Data for processing section start

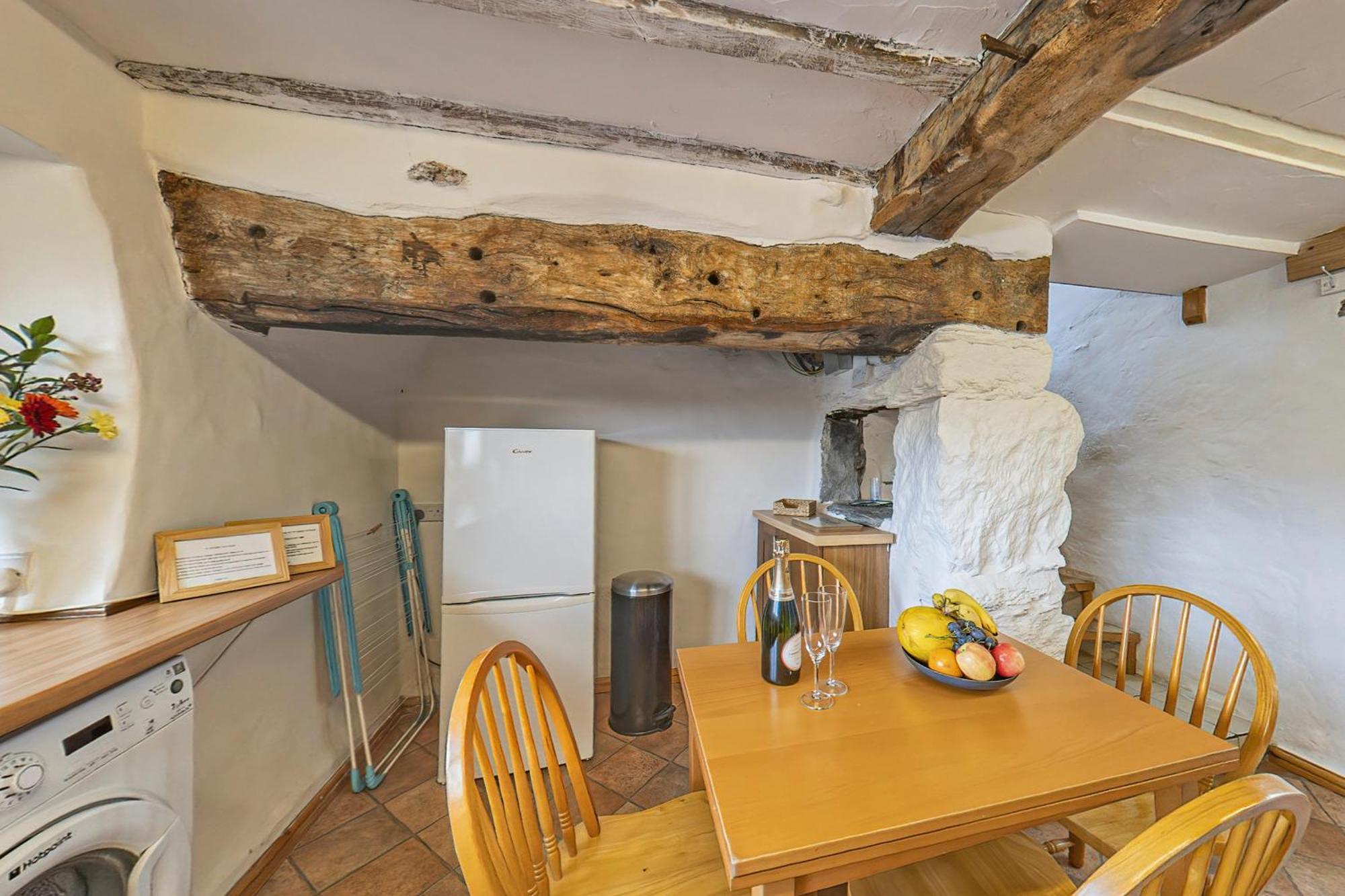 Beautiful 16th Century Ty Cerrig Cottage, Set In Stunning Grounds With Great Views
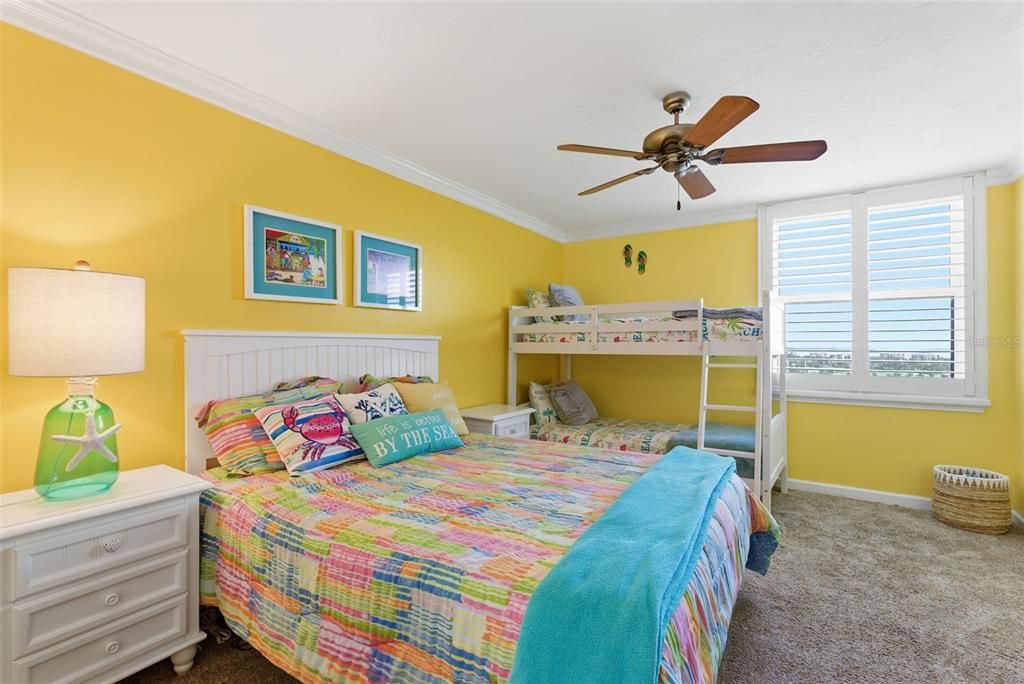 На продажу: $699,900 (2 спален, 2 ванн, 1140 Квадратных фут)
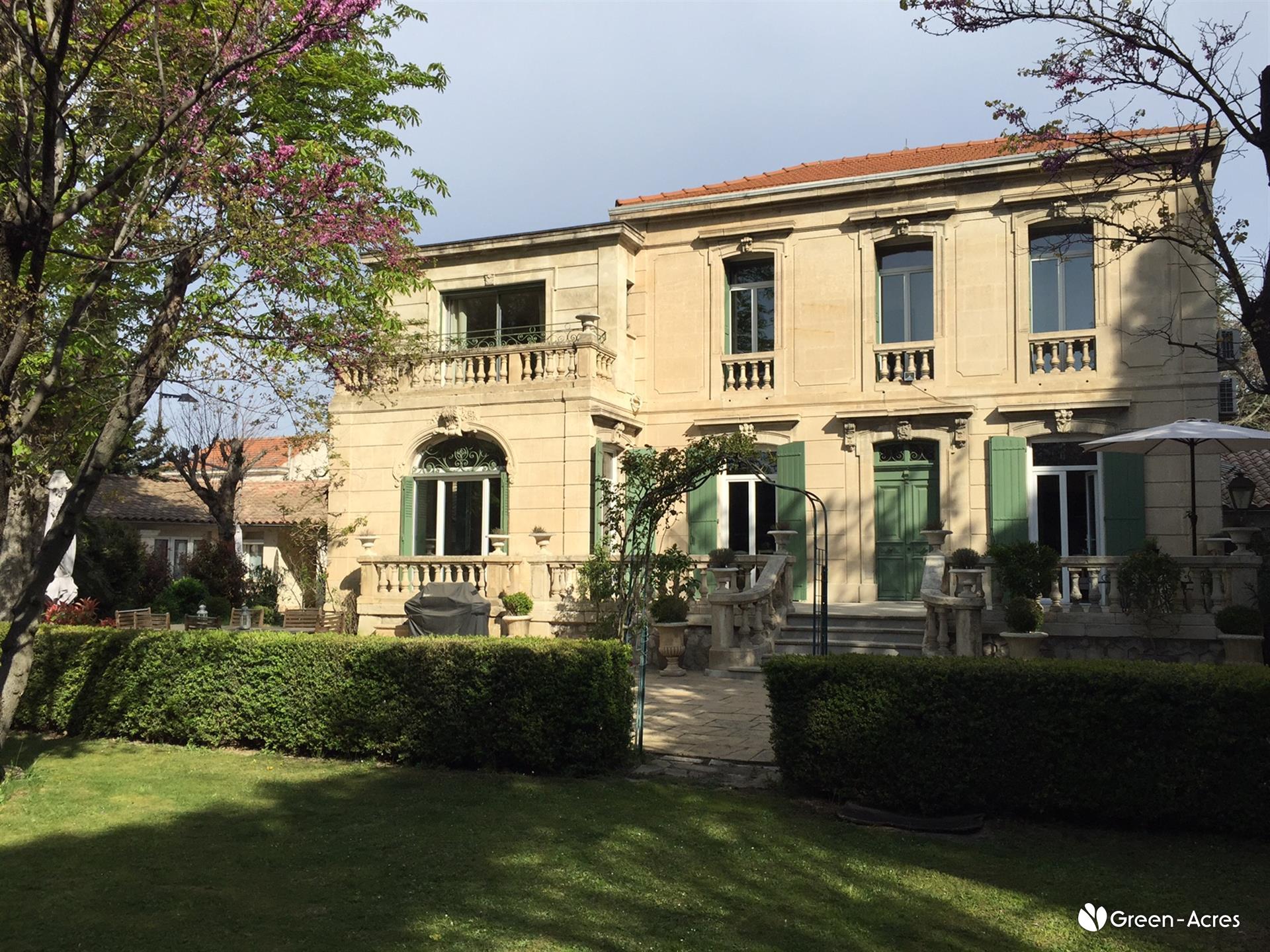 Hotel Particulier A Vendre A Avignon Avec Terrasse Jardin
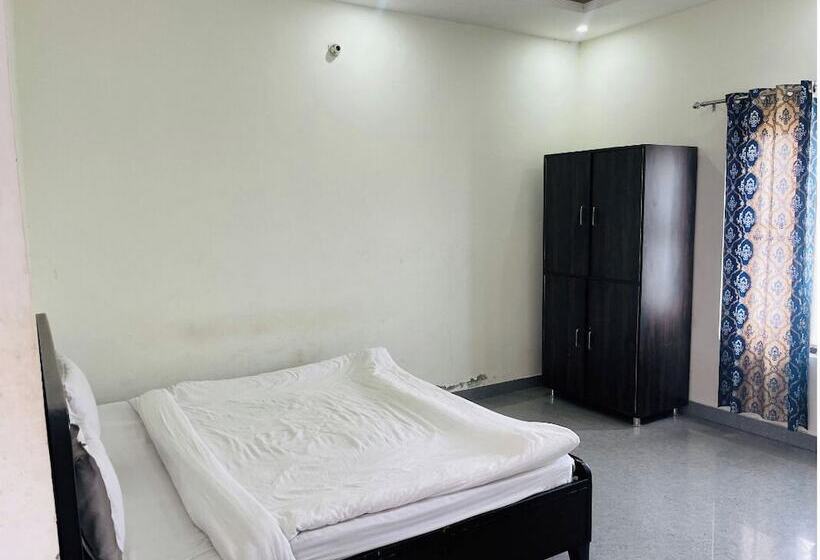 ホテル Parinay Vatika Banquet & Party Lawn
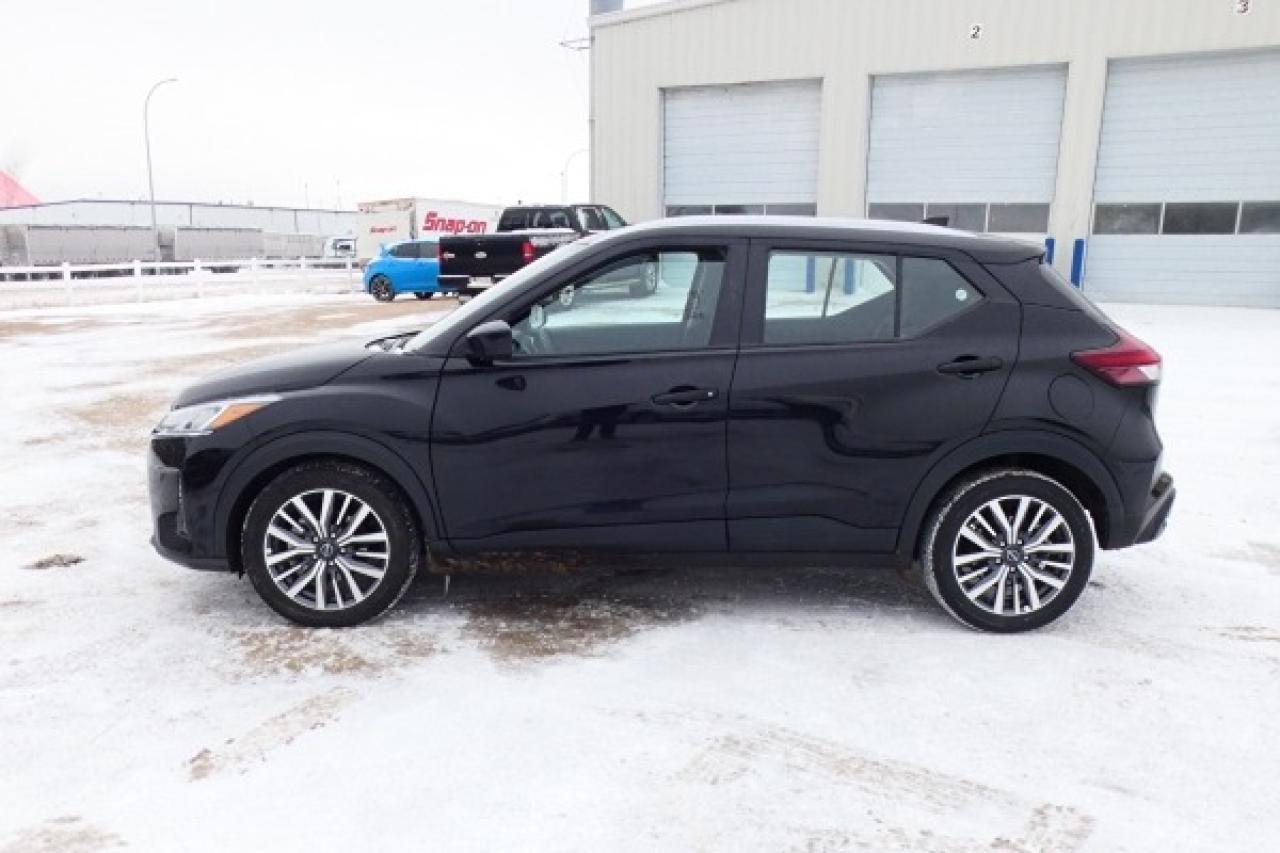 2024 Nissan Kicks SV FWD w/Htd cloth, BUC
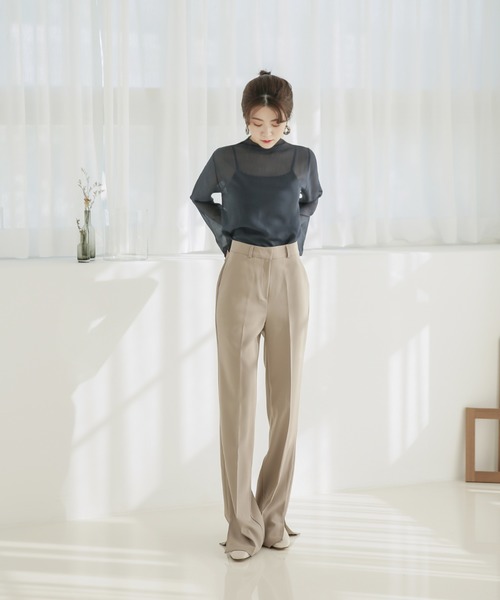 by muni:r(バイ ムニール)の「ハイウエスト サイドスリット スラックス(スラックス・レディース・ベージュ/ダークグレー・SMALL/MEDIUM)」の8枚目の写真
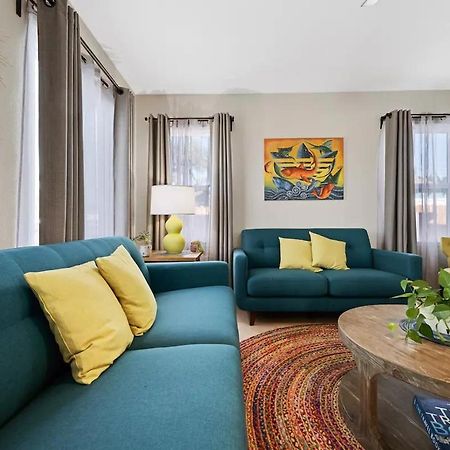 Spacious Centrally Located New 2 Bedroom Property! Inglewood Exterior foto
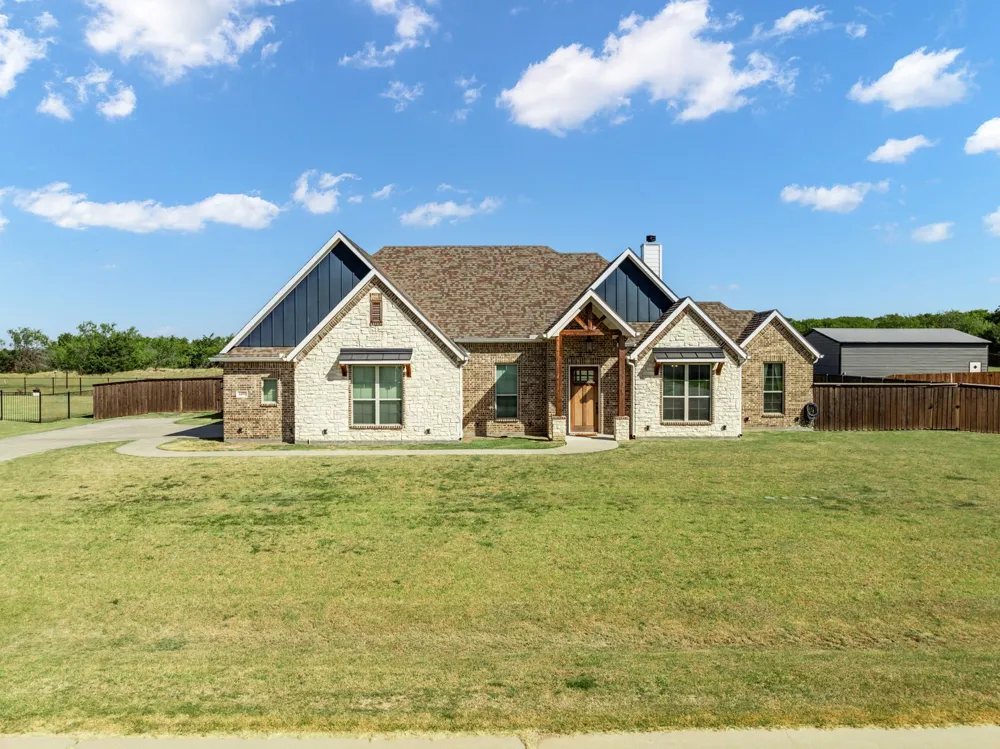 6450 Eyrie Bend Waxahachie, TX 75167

Data for processing section end

Extract every line of the data exactly; pictures stay out.

 Beautiful 16th Century Ty Cerrig Cottage, Set In Stunning Grounds With Great Views
 На продажу: $699,900 (2 спален, 2 ванн, 1140 Квадратных фут)
 Hotel Particulier A Vendre A Avignon Avec Terrasse Jardin
 ホテル Parinay Vatika Banquet & Party Lawn
 2024 Nissan Kicks SV FWD w/Htd cloth, BUC
 by muni:r(バイ ムニール)の「ハイウエスト サイドスリット スラックス(スラックス・レディース・ベージュ/ダークグレー・SMALL/MEDIUM)」の8枚目の写真
 Spacious Centrally Located New 2 Bedroom Property! Inglewood Exterior foto
 6450 Eyrie Bend Waxahachie, TX 75167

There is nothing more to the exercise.